In 1963, Charlotte Bingham (the Honorable Charlotte Mary Therese Bingham) wrote her first bestselling memoir at age 19, Coronet Among The Weeds. Several others followed and she turned her hand to writing for TV (Upstairs, Downstairs) and over 30 romance novels.

In MI5 and Me, she recalls being 18 - too flighty to keep even a coffee shop job and still under her parents control until she turns 21 - being assigned a job by her father John Bingham to work secretarial at his business. Little did she know that his was the secretive world of espionage that is MI5.

John Bingham was a head MI5 counterspy and once the boss of John leCarre, becoming one of the men who inspired the famed character George Smiley, and author of 17 spy thrillers himself.


That said, this is quite a frivolous book, delivering exactly the light entertainment you expected. Lottie is a sharp-eyed but scatterbrained girl, and Charlotte does a great job of bringing you back to that time, where her concerns were about the cakes in the breakroom, keeping up with dictation, and petty retaliations towards her boss nicknamed Dragon. Hers is not the dangerous world of covert operations, more the daily duties given to young girls of the day and gossip with Arabella, her girlfriend at work - observances of the people her father brings to the Knightsbridge home she calls Dingly Dell - ideally suited to ferret out the Commies lurking about the luxury flats next door. It soon seems to Lottie that London was seething with Lefties, that everyone she knows from household staff to family friends were potential spies, counterspies, or double agents. As Arabella explains, the service's purpose is to make socialists' lives umitigated hell. "But in a nice way of course, because that is what we British do."
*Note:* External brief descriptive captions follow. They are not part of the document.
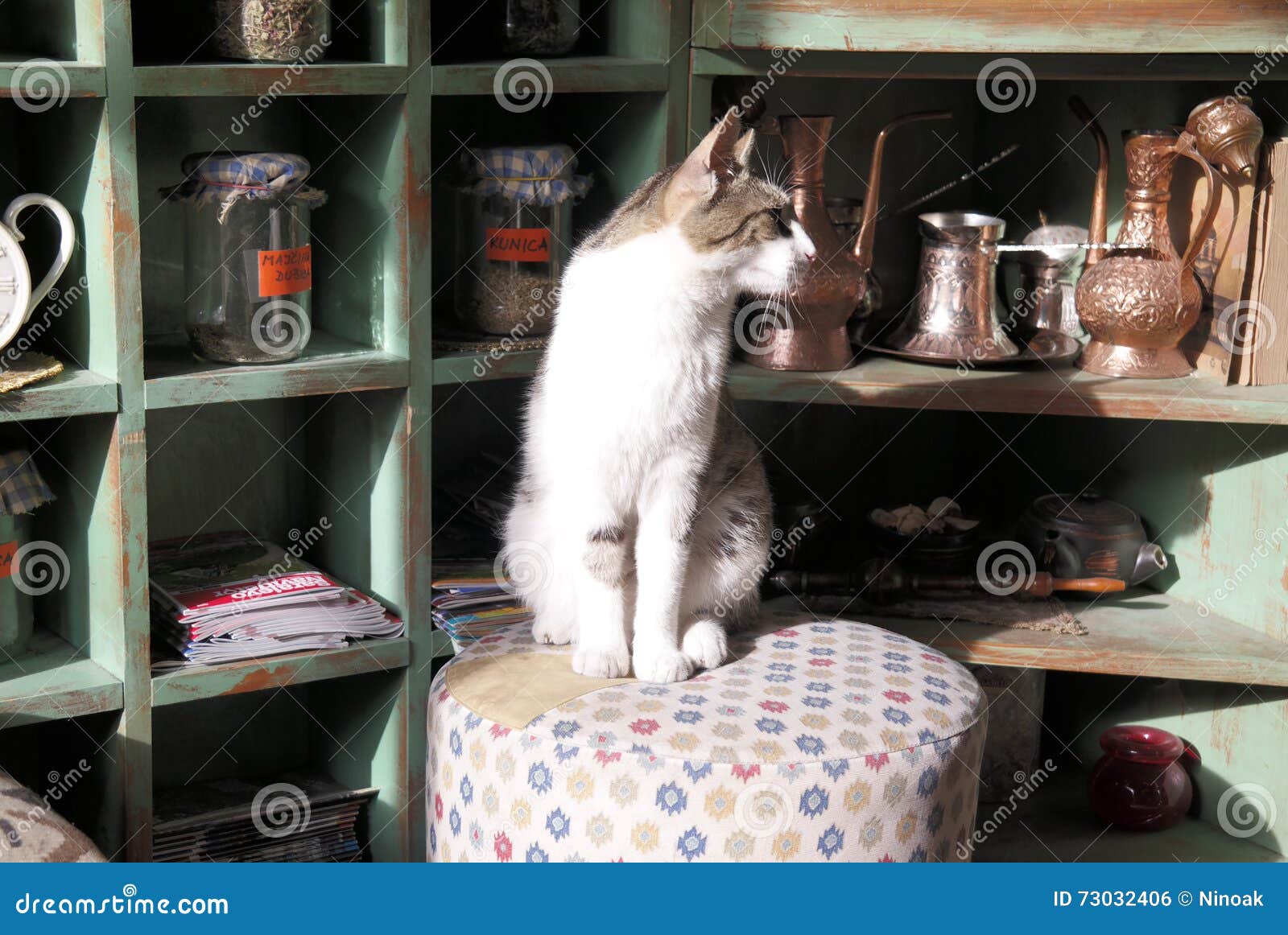 cat sitting on white tabure / taburete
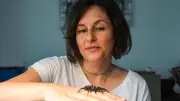 Spinnenphobie besiegt: Wie ich in sechs Stunden meine Angst verlor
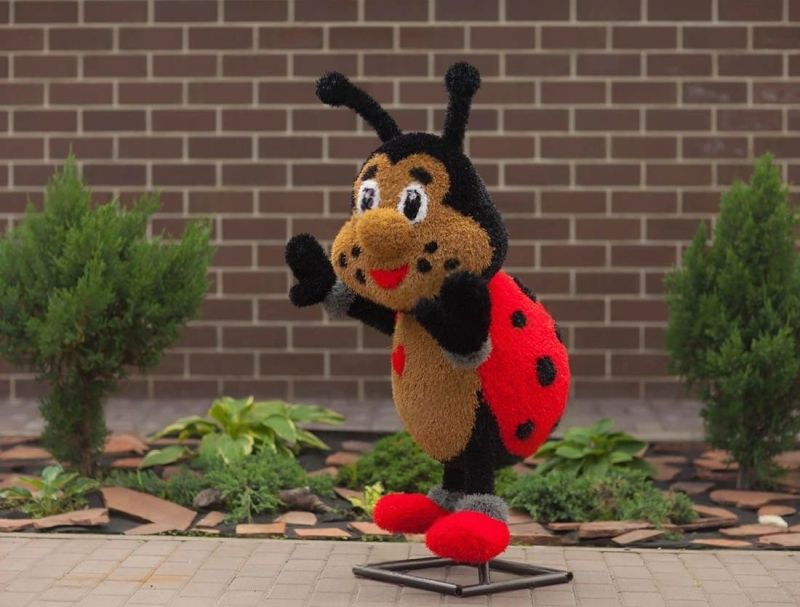 Божья коровка мальчик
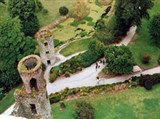 Замки Ирландии (вид с крыши Бларни)
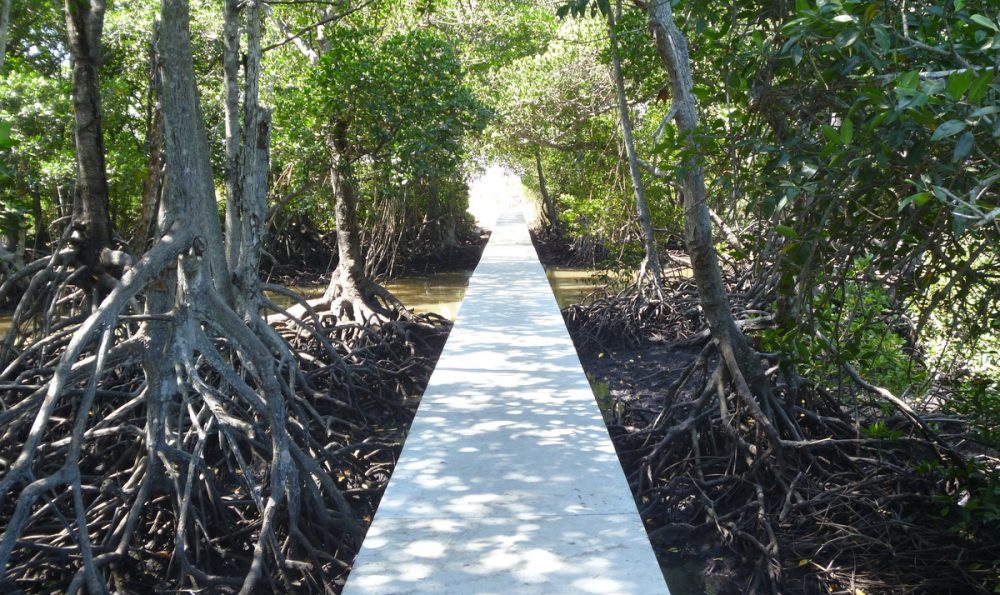 Mighty mangroves: Supporting communities, reducing CO<sub>2</sub>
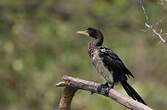 Cormoran africain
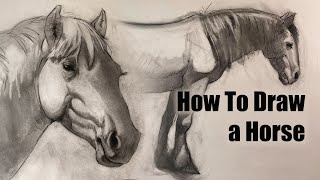 How to Draw a Horse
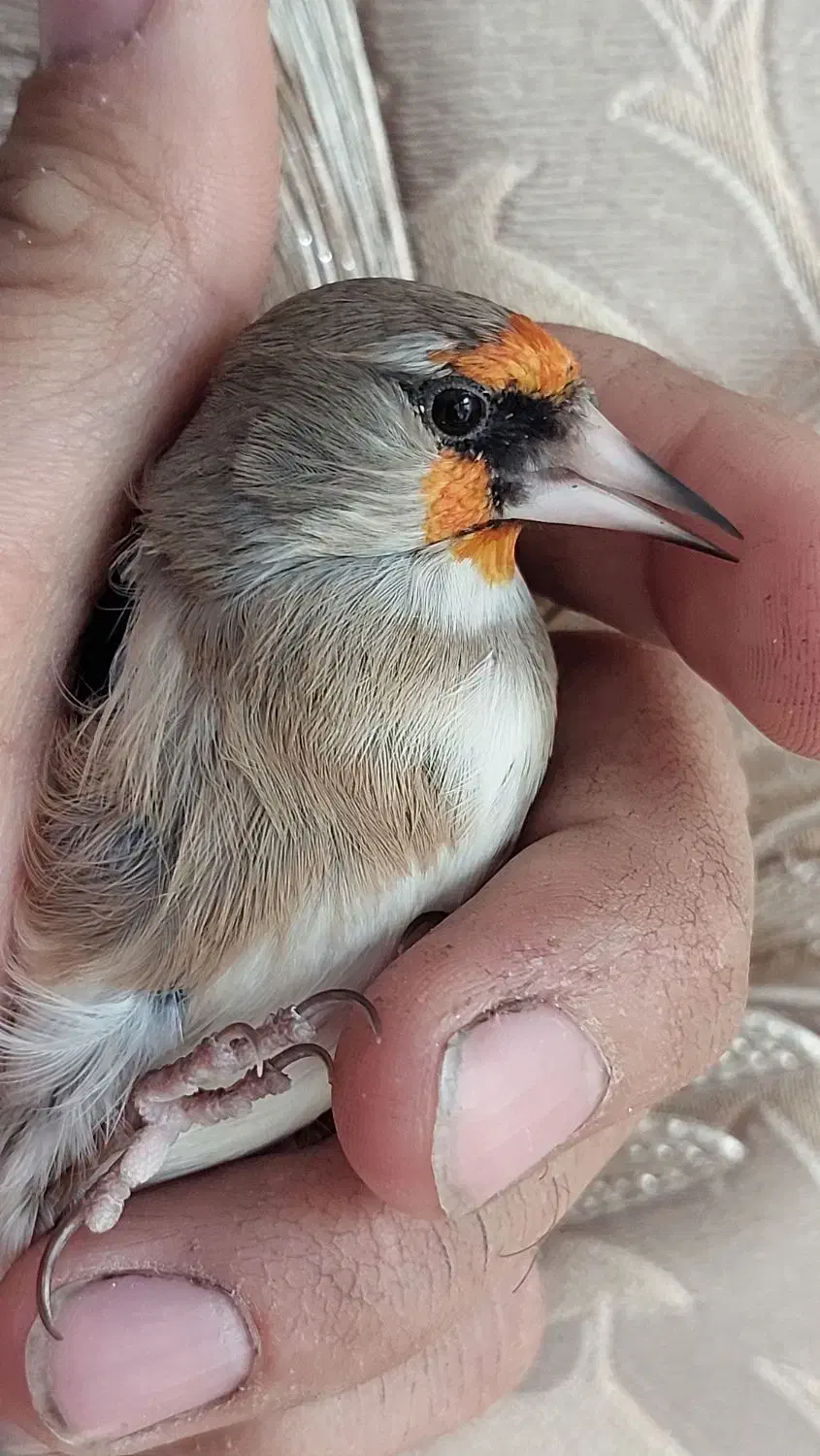 سهره|پرنده|ابریشم, |دیوار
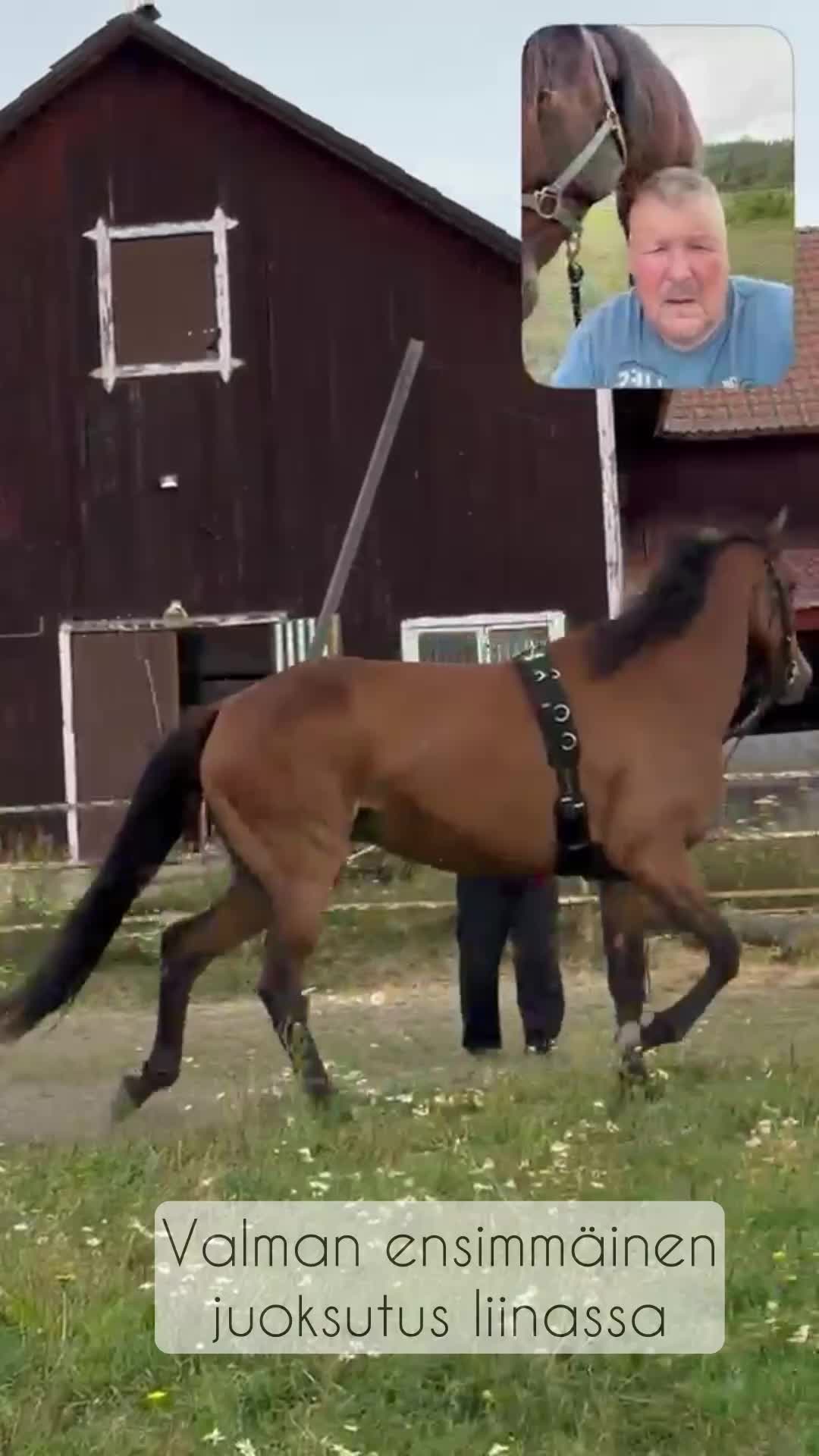 @Rakkautta ja raviurheilua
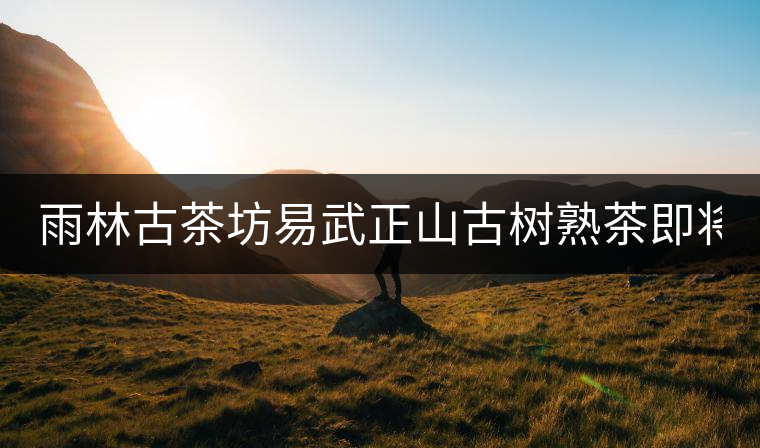 雨林古茶坊易武正山古樹(shù)熟茶即將上市！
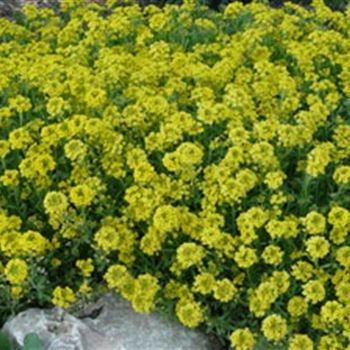 alyssum_montanum_berggold_GM_Q1.jpg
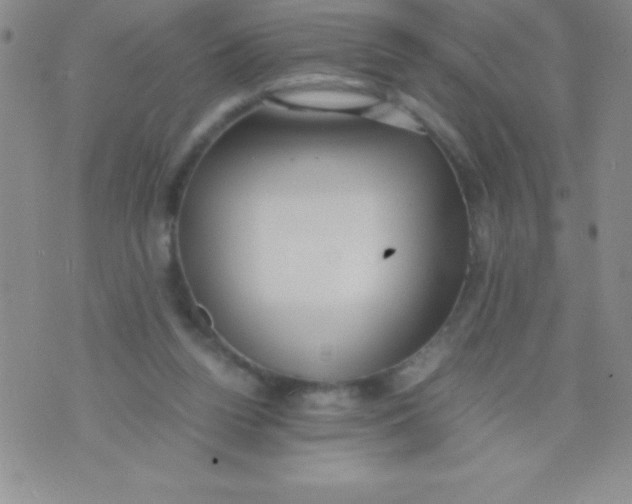 X0000071950160200607282017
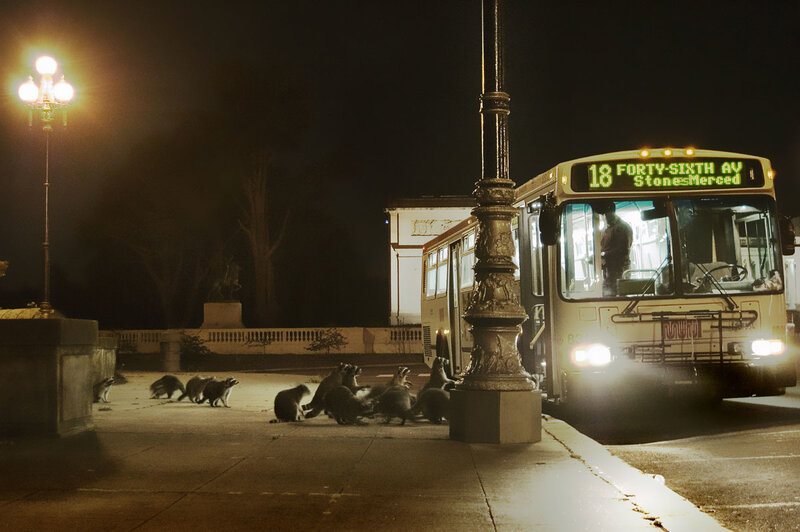 Raccoons at a bus stop at night
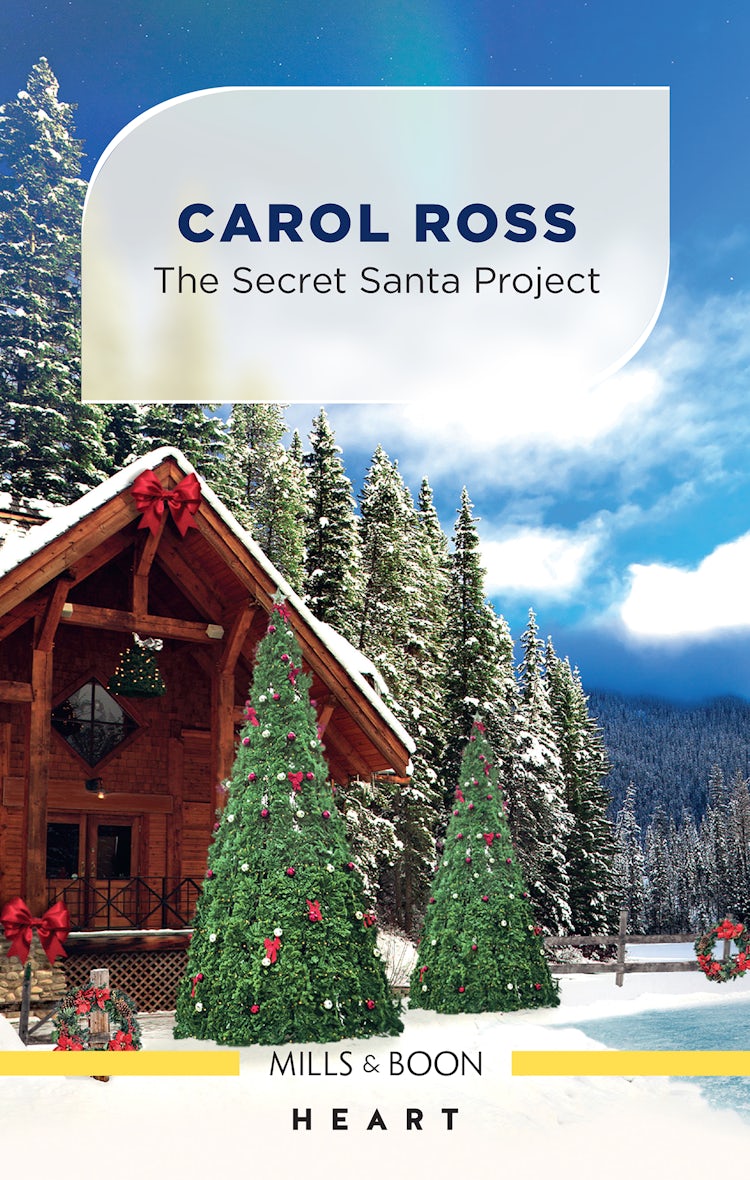 Cover image for The Secret Santa Project, isbn: 9781867236863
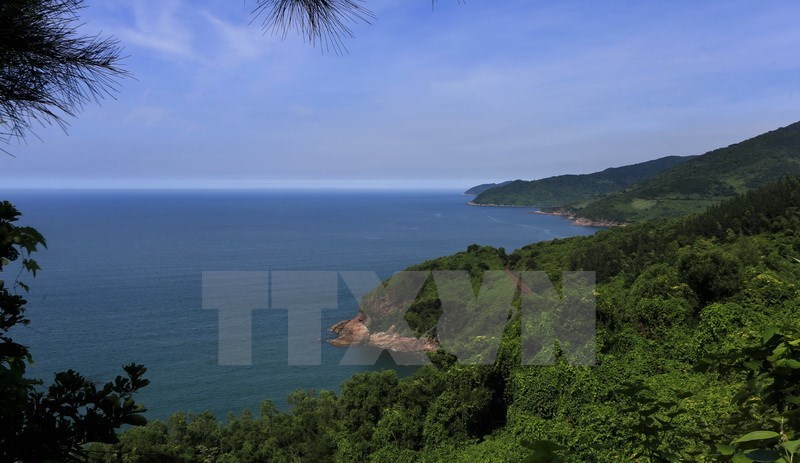 Blue ocean seen from the top of Hai Van Pass in Thua Thien-Hue. (Photo: VNA)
Her parents decide to bring in two famous West End actors as 'lodgers' (actually bogeys he uses to find out what kind of Communist propaganda is going to be fed the public as entertainment). One big job is tricking the Trotskyists into producing a Leftist play that is doomed to fail, thereby draining their coffers. Arabella and Lottie end up temping at a film studio, which brings a little glamour.


There is no real danger here, and nothing substantial about MI5 business. But it is a fun look at both the place of woman in the 1960's and an entertaining, often comic look at nosing around in others business, overhearing clues in phone calls, and once or twice reporting back random bits of gossip which actually yield results - enough to cause one to stub out their cigarette or put down their drink.

You would think at that age, Lottie would be focused on meeting the right man, but there is a lack of romance one usually finds in these memoirs.

"There are quite a few bachelors in MI5, and quite a few friends of Dorothy, too."

"Does she work in my Section?', I asked in a low voice.


This is a light memoir set against the backdrop of 1960's spy work. Very much on the outside of the action, but a unique look that was worth a quick read. Entertaining.